The shrinking big dollar
Monday, 12 October 2009 8:55am
Falling US dollar equals increasing risk appetite? Hmmm…seems strange.
The greenback fell to 14-month lows against major currencies last week before Big Ben Bernanke wagged his finger -- warning that, "The time will come when we have to tighten…We will look at the broad outlook to decide the timing and pace of exiting currently loose policy."
Well according to web and paper reports, that is. A lot of baloney I say. For there was nothing new in Big Ben's remarks. He merely voiced out what is plain and obvious - loose policy will head for the exits once the US outlook improves. Plain. Obvious.
Others brought back the oft-repeated rationale - risk aversion has exited. I repeat seems strange.
For sure, the weaker US dollar is aiding recovery in the US. Weekend reports show that the US trade deficit fell to US$30.71 billion in August from US$31.85 bil in the previous month, with exports growing for the fourth straight month. Positive yes. Still, exports account for only 10 per cent of the US economy.

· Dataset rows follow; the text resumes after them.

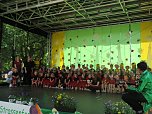 Das Straßenfest der Kindervilla in Bad Frankenhausen wurde zum Wiesenfest (Foto: Katrin Milde) Das Straßenfest der Kindervilla in Bad Frankenhausen wurde zum Wiesenfest (Foto: Katrin Milde)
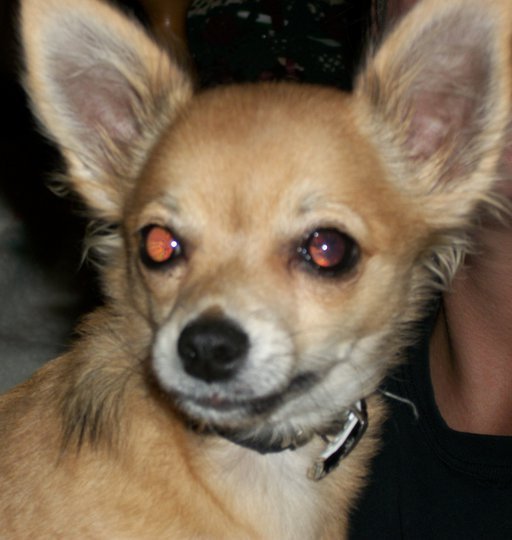 Judy dotson's album, Profile Pictures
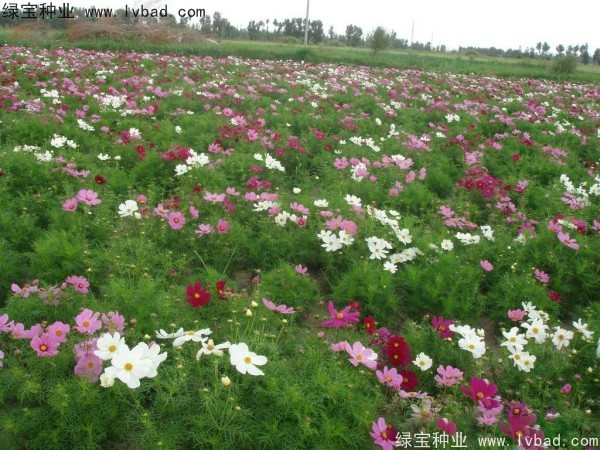 <a href='https://www.lvbad.com/caohuazhongzi/12.html' target='_blank'>波斯菊种子</a>5.jpg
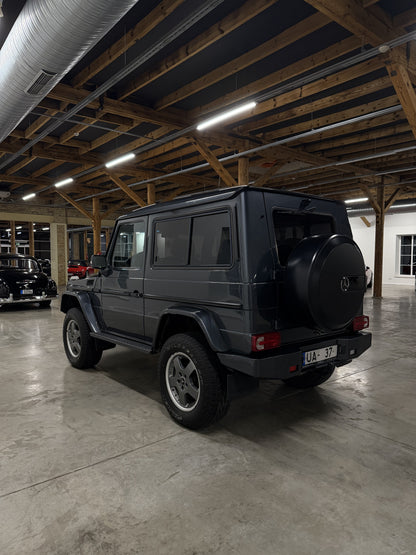 Mercedes-Benz G-Class Offroad (1990)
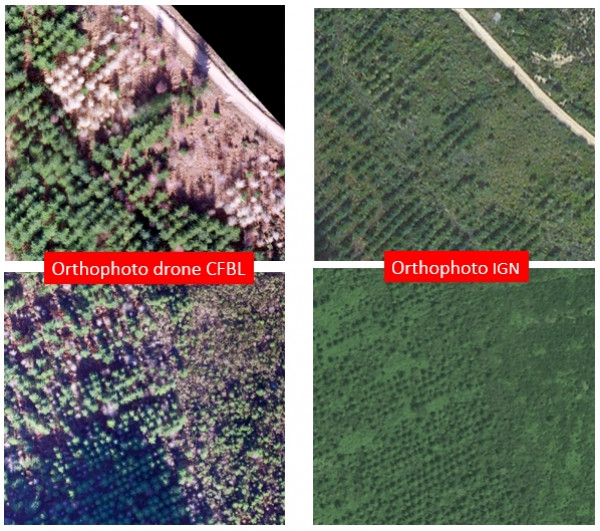 Comparaison ortho drone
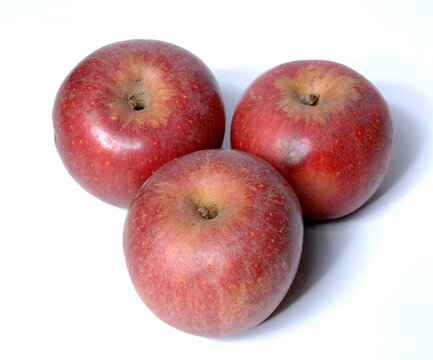 mela annurca is an apple from the Campania region isolated on white background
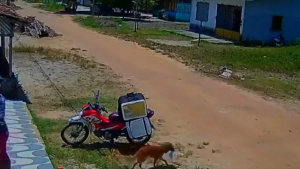 Illustration : "Une chienne profite de l’inattention d’un livreur pour s’emparer d’un plat savoureux (vidéo)"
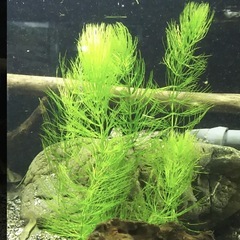 水草　無農薬　マツモの画像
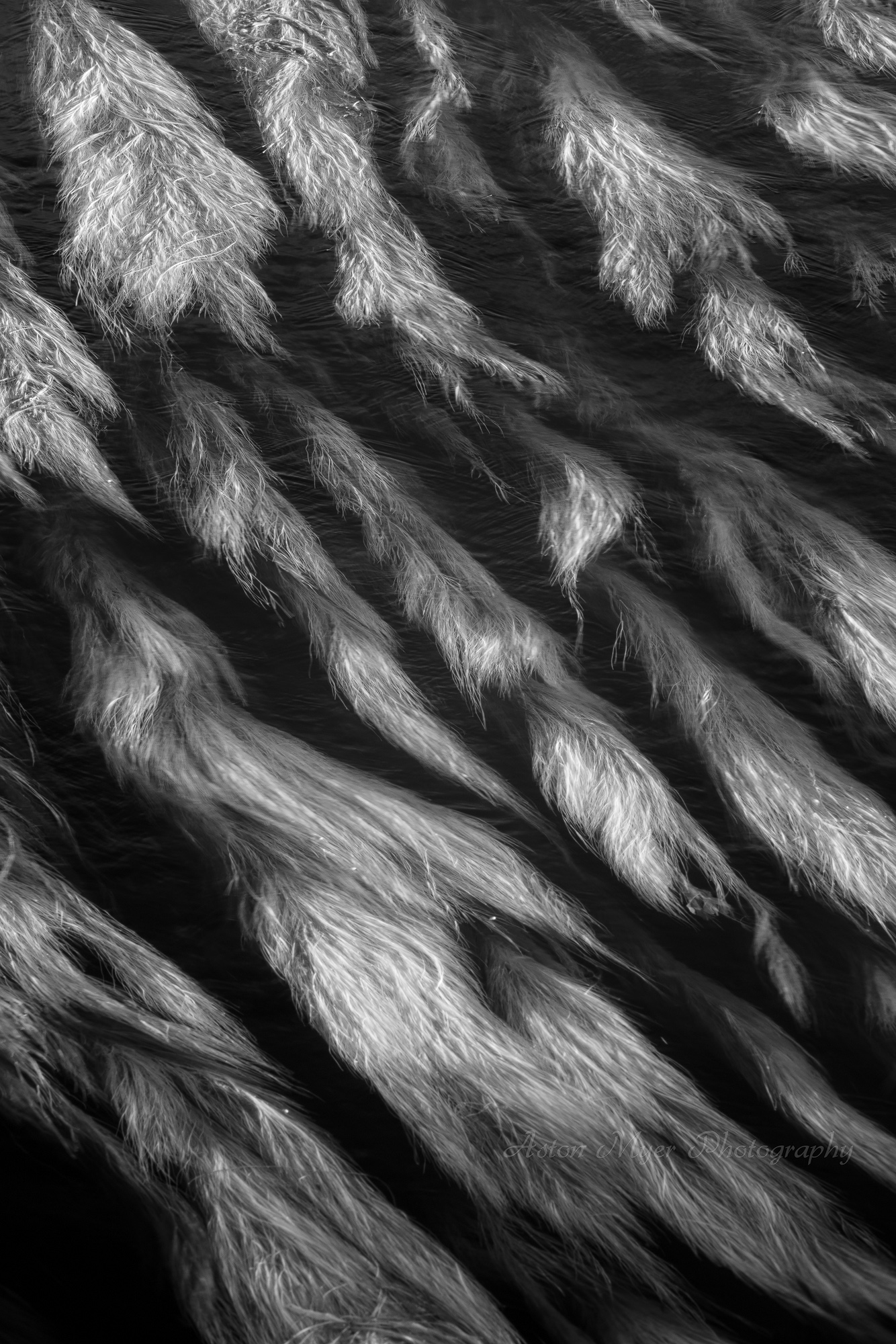 Living Water Flow.jpg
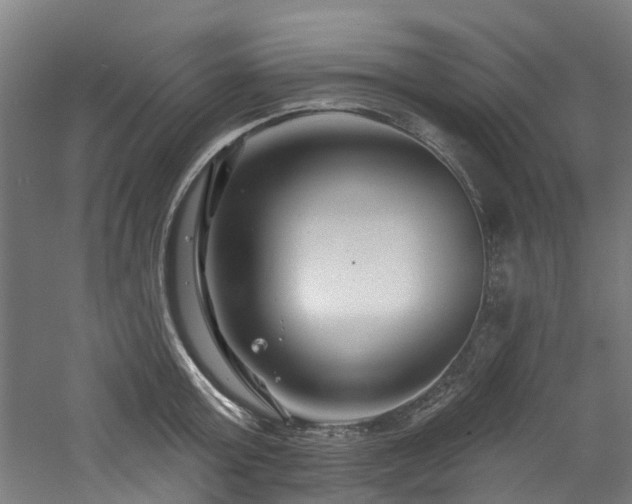 X0000060740803200511101106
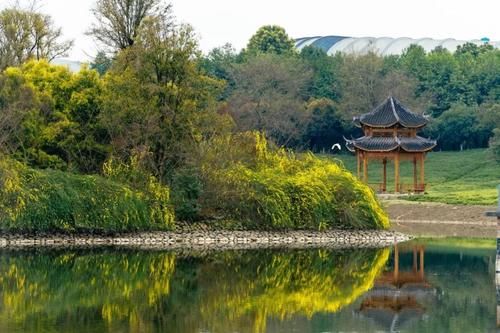 电子科技大学怎么样，太火爆，世界一流！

The 0.6 per cent fall in August imports underscore the continued weakness in America's domestic demand.
When viewed in relation to the on-going rally in traditional risk assets - equities, commodities and commodity-related currencies - the US dollar's weakness could be taken to mean that safe-haven buying has slowed. But is the USD still a safe-haven currency?

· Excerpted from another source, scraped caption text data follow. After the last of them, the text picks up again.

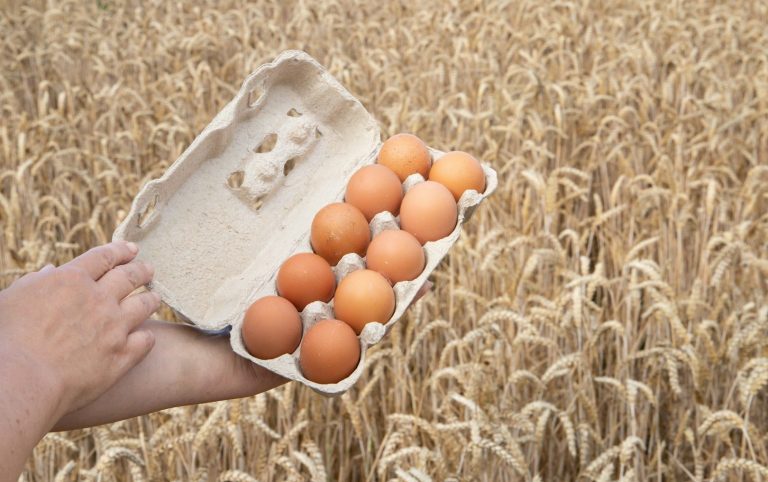 Frische Eier von artgerechter Tierhaltung für Al-Layal Gourmet Catering Berlin.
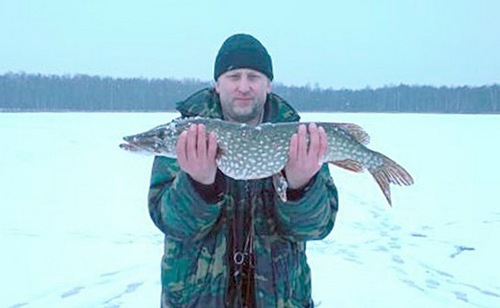 Самая крупная щука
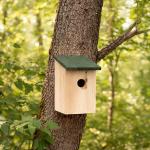 Wooden Bird Nesting Box for Small Wild Birds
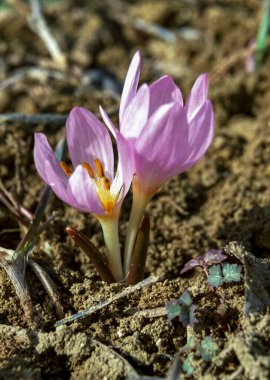 Ephemeral çiçekler, vahşi doğada çicek gülleri (Colchicum ancyrense), sonbahar çiçeği, çayır safranı ve çıplak kadın.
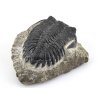 trilobit maroko 44d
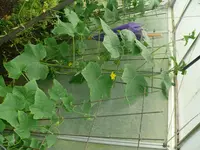 P1130834.webp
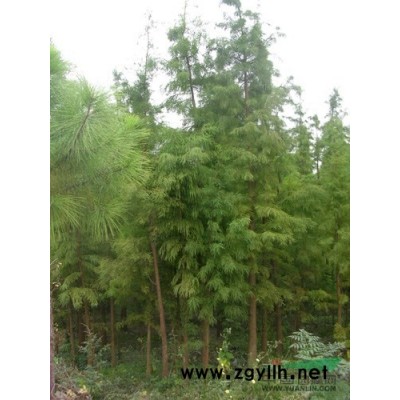 法國(guó)冬青圖片\法國(guó)冬青報(bào)價(jià)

Maybe. Maybe not. Because the US dollar's downward spiral will cause dislocations elsewhere. Raising risk.
Much more than Big Ben's threat that someday (he doesn't know when) interest rates will rise, the US dollar's decline was ‘temporarily' short-circuited by intervention from Asian central banks (again). South Korea, Taiwan, the Philippines, Thailand, Indonesia and Hong Kong bought the greenback to avoid being ‘beggared' - hurt their exports - by its depreciation.
And this shows risk is reduced? Bite me.
The US dollar's depreciation is increasing risk, not reducing it. With the US budget deficit forecast to 13.5 per cent of GDP this year - second only to Britain's 14.4 per cent and higher than Iceland and Ireland's 13.0 per cent - the big dollar will continue to shrink. If the fall becomes disorderly…look out below!

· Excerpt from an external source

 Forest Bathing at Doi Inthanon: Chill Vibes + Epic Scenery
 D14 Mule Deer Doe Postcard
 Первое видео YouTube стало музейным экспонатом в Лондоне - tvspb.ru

There may be some truth after all in the unsourced UK press report that China, Russia, the Gulf Arab States, and France convened a secret meeting to develop a multi-year plan to dump the US currency and replace it with a basket of euro, yuan, yen and the Gulf Common Currency.
The named countries immediately denied this. Besides, there is no Gulf Common Currency yet - not until 2010 - and the Chinese yuan is still not freely convertible. But where there's smoke…
Conspiracy theory or not, this brings to the fore the market's concern about the big dollar growing small.